:: EXTRACTED MATERIAL
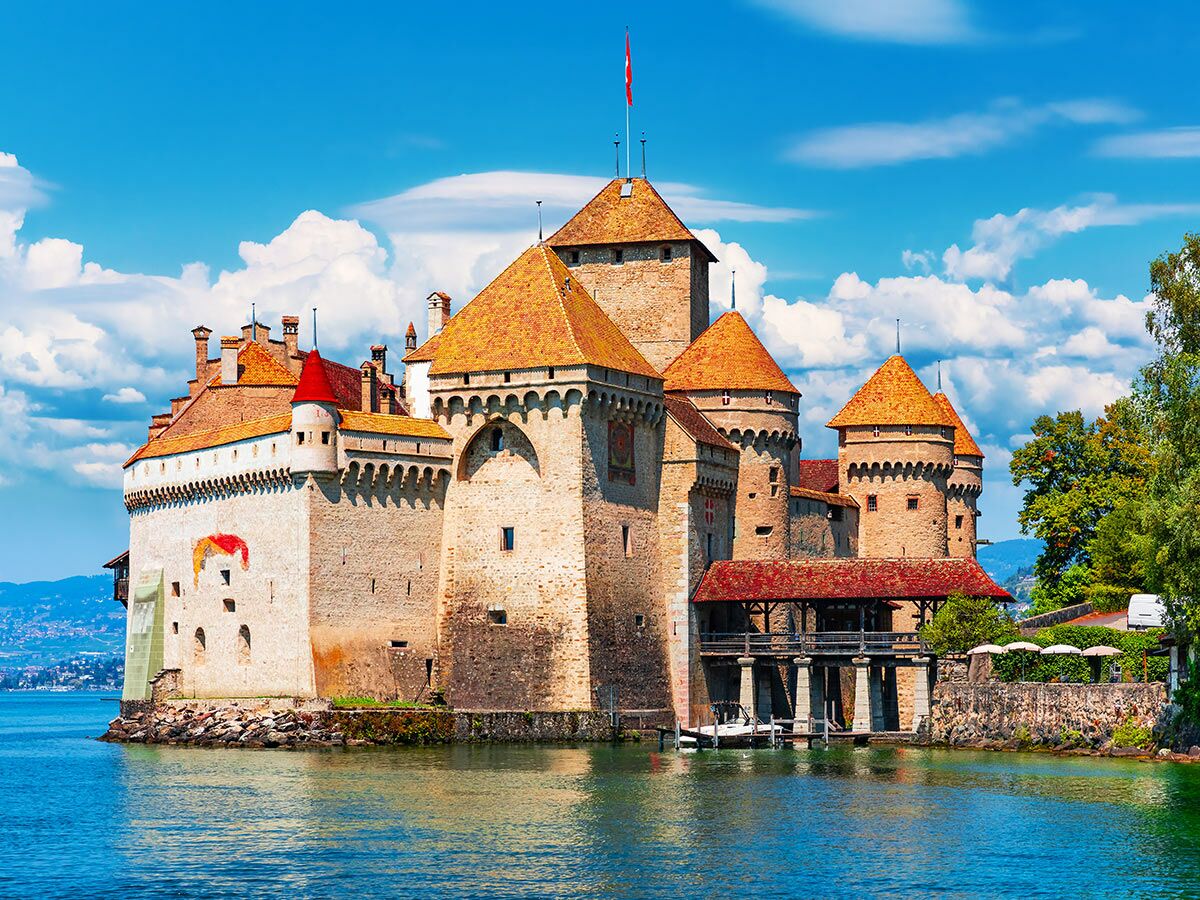 Historisches Chillon Schloss am Ufer des Genfersees in der Schweiz, mit Türmen, roten Dächern und blauem Himmel.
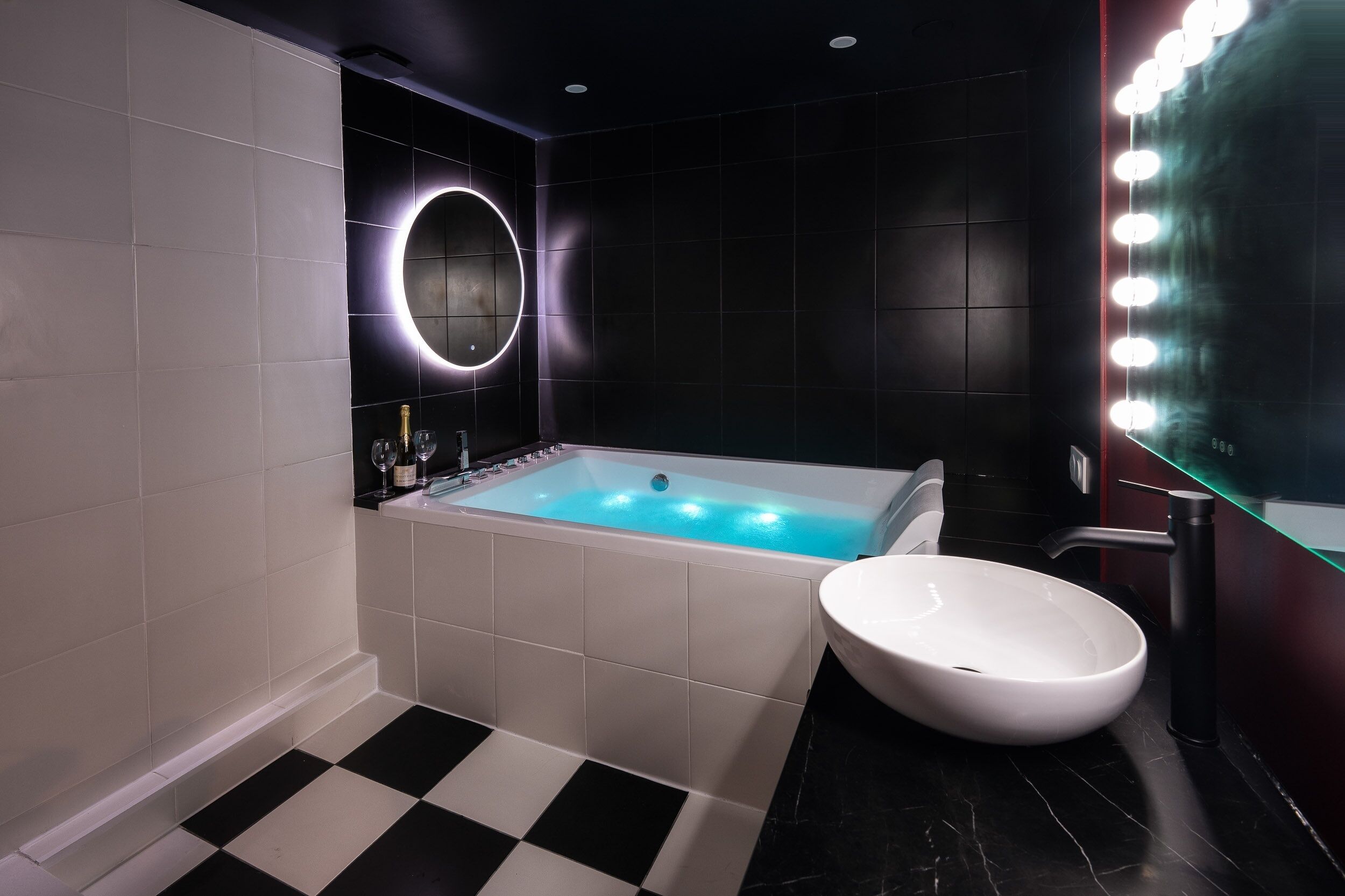 Une salle de bain moderne avec une grande baignoire, un grand miroir rond doté de lumières et un lavabo blanc.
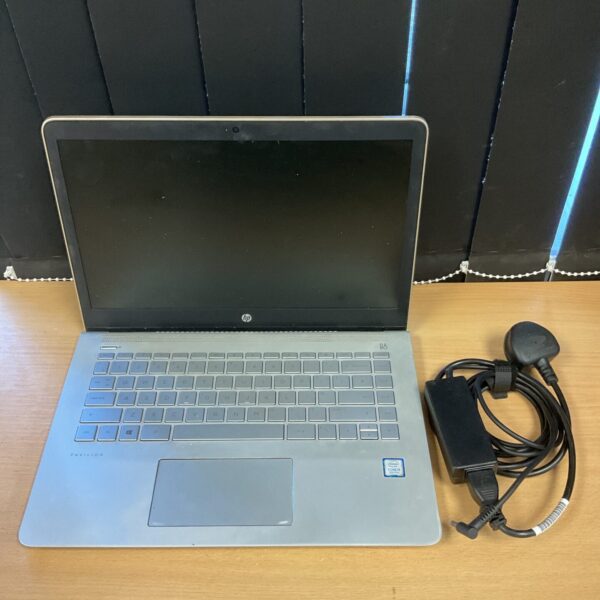Silver HP Pavilion laptop with charger, Intel Core i5 processor.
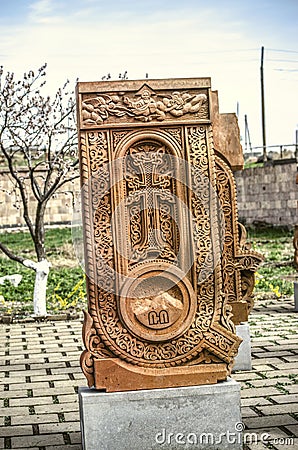 Stone cross carved with ornaments in the form of the first letter of the Armenian alphabet, created by Mesrop Mashtots in the vill Editorial Stock Photo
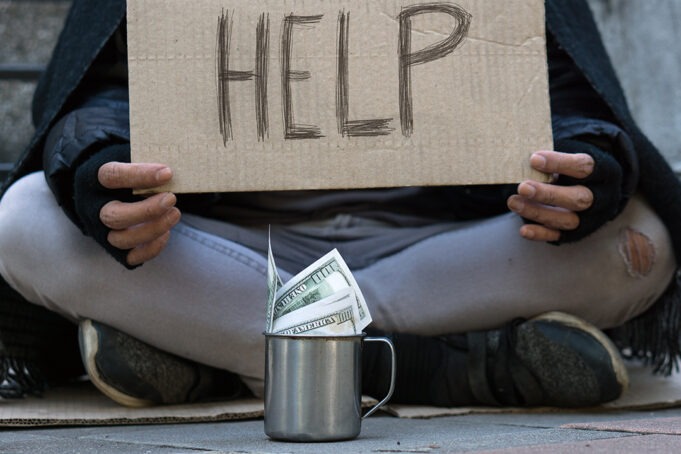 Beggar,Homeless adult man sitting on the street to get help. Ind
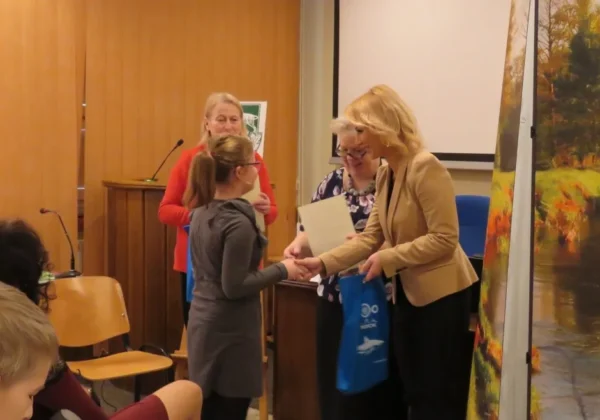 Podsumowanie konkursu ornitologicznego „Mój ulubiony ptak” – wręczanie nagrody młodej uczestniczce przez prowadzącą w sali.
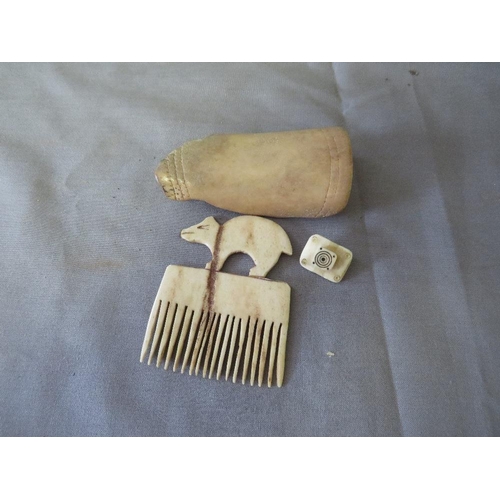 441 - A 19TH CENTURY NORTH AMERICAN INUIT CARVED WRIST GUARD, Arctic fox comb and parka toggle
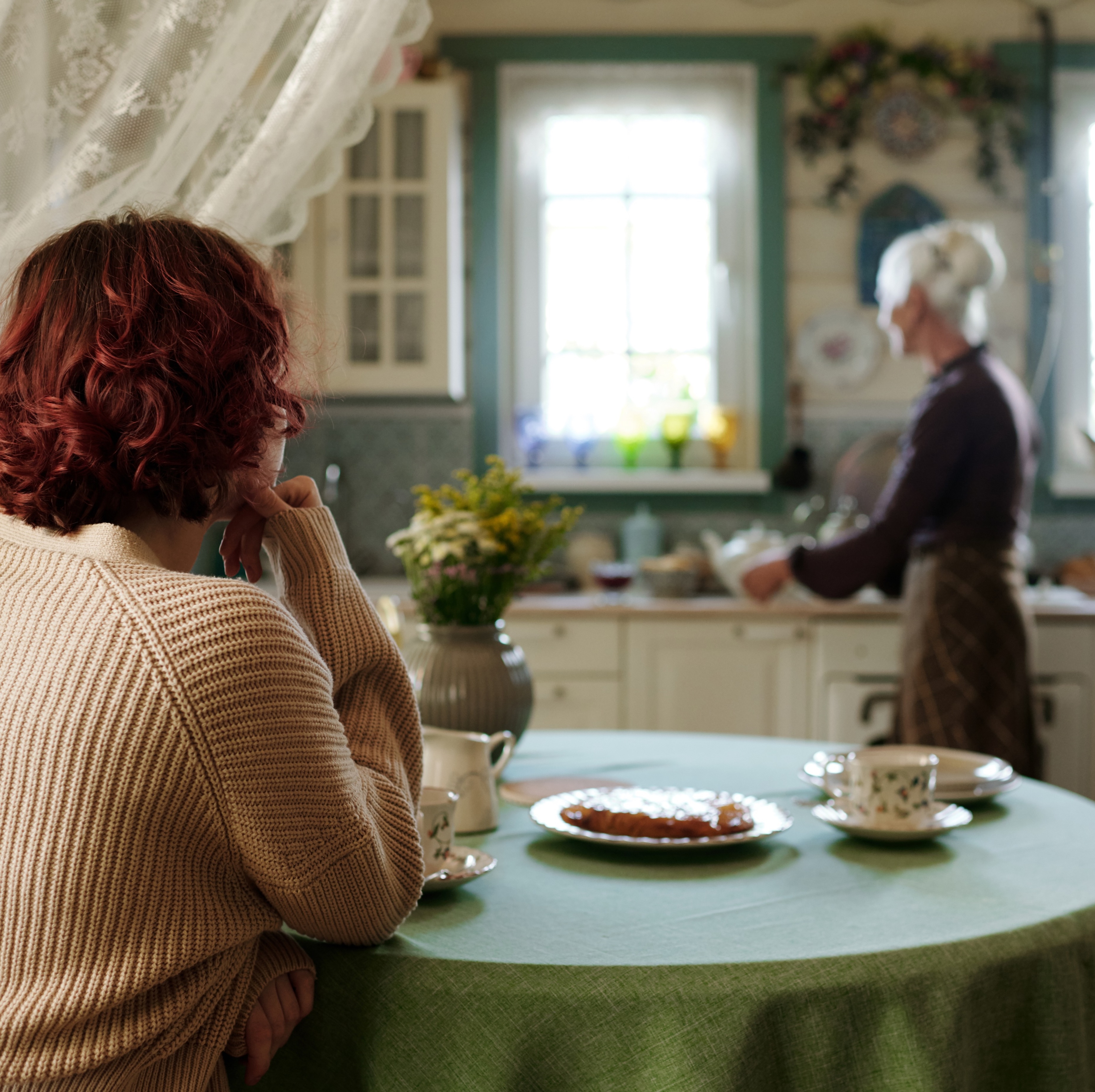 middle-aged women looking at senior woman in kitchen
::::
Your answer should hold only the lines from the line with "Stone cross carved" through the closing line of the records, restated exactly and free of pictures.

 Stone cross carved with ornaments in the form of the first letter of the Armenian alphabet, created by Mesrop Mashtots in the vill Editorial Stock Photo
 Beggar,Homeless adult man sitting on the street to get help. Ind
 Podsumowanie konkursu ornitologicznego „Mój ulubiony ptak” – wręczanie nagrody młodej uczestniczce przez prowadzącą w sali.
 441 - A 19TH CENTURY NORTH AMERICAN INUIT CARVED WRIST GUARD, Arctic fox comb and parka toggle
 middle-aged women looking at senior woman in kitchen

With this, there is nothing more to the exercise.